Instructions for the task> Make an exact copy of all the entries, with the pictures left out.

Data extracts>
- Opening Delimiter -
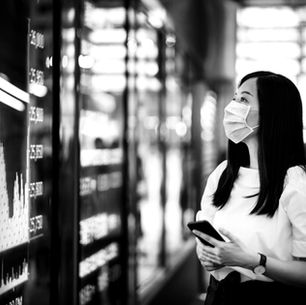 The Absurdity of the Gig Economy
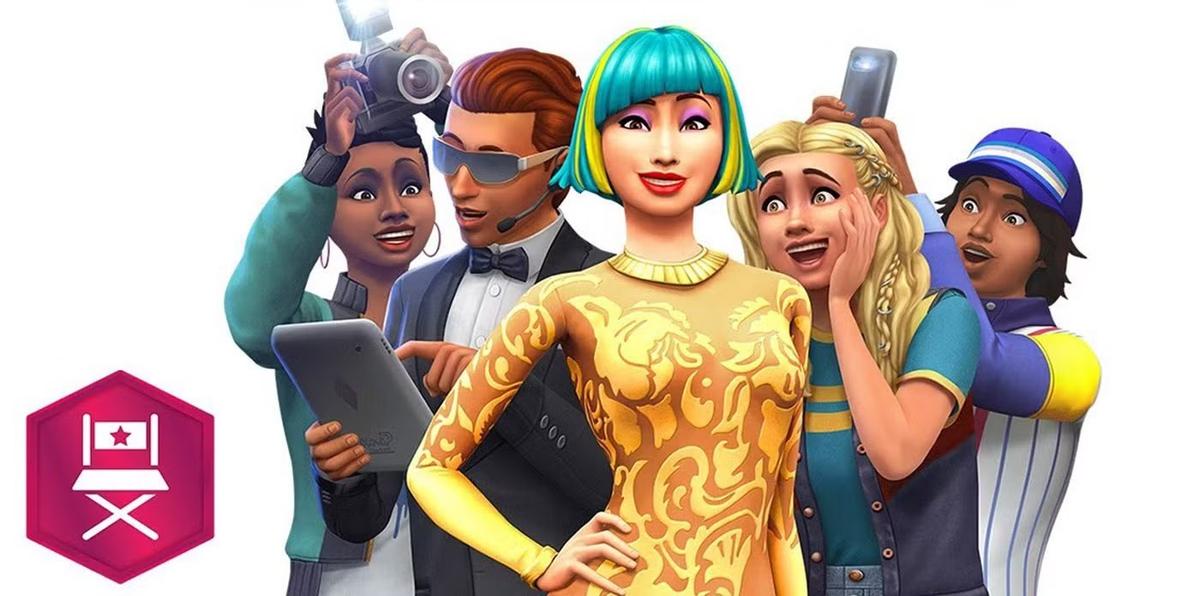 Фото: The Sims 4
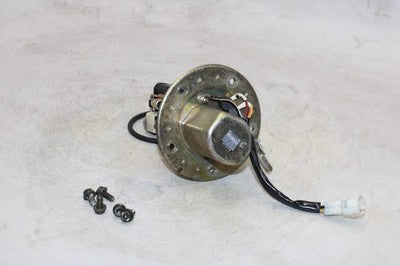 03-05 SUZUKI SV1000S OEM FUEL PUMP GAS PETROL SENDER UNIT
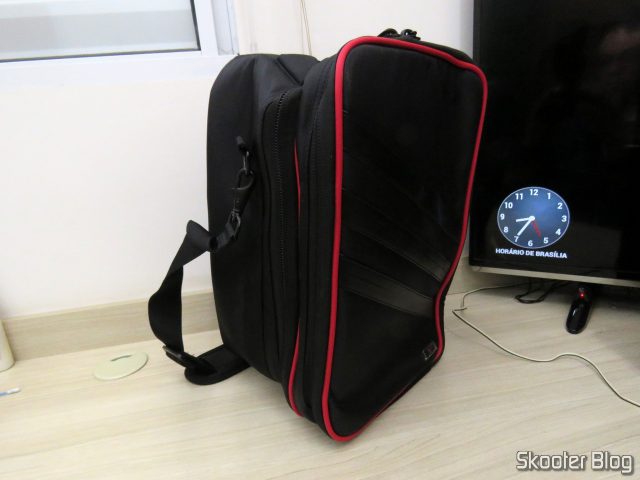 Bolsa para Playstation VR (PSVR) e Acessórios.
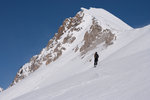 Cime de Frémamorte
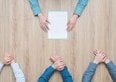 Ottiene un lavoro con stipendio da oltre €140.000 grazie a un pdf inviato dopo il colloquio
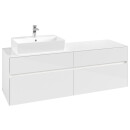 Villeroy &amp; Boch C135B0DH WTUS Collaro C135B0...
- Closing Delimiter -
Answer for the task>
 The Absurdity of the Gig Economy
 Фото: The Sims 4
 03-05 SUZUKI SV1000S OEM FUEL PUMP GAS PETROL SENDER UNIT
 Bolsa para Playstation VR (PSVR) e Acessórios.
 Cime de Frémamorte
 Ottiene un lavoro con stipendio da oltre €140.000 grazie a un pdf inviato dopo il colloquio
 Villeroy &amp; Boch C135B0DH WTUS Collaro C135B0...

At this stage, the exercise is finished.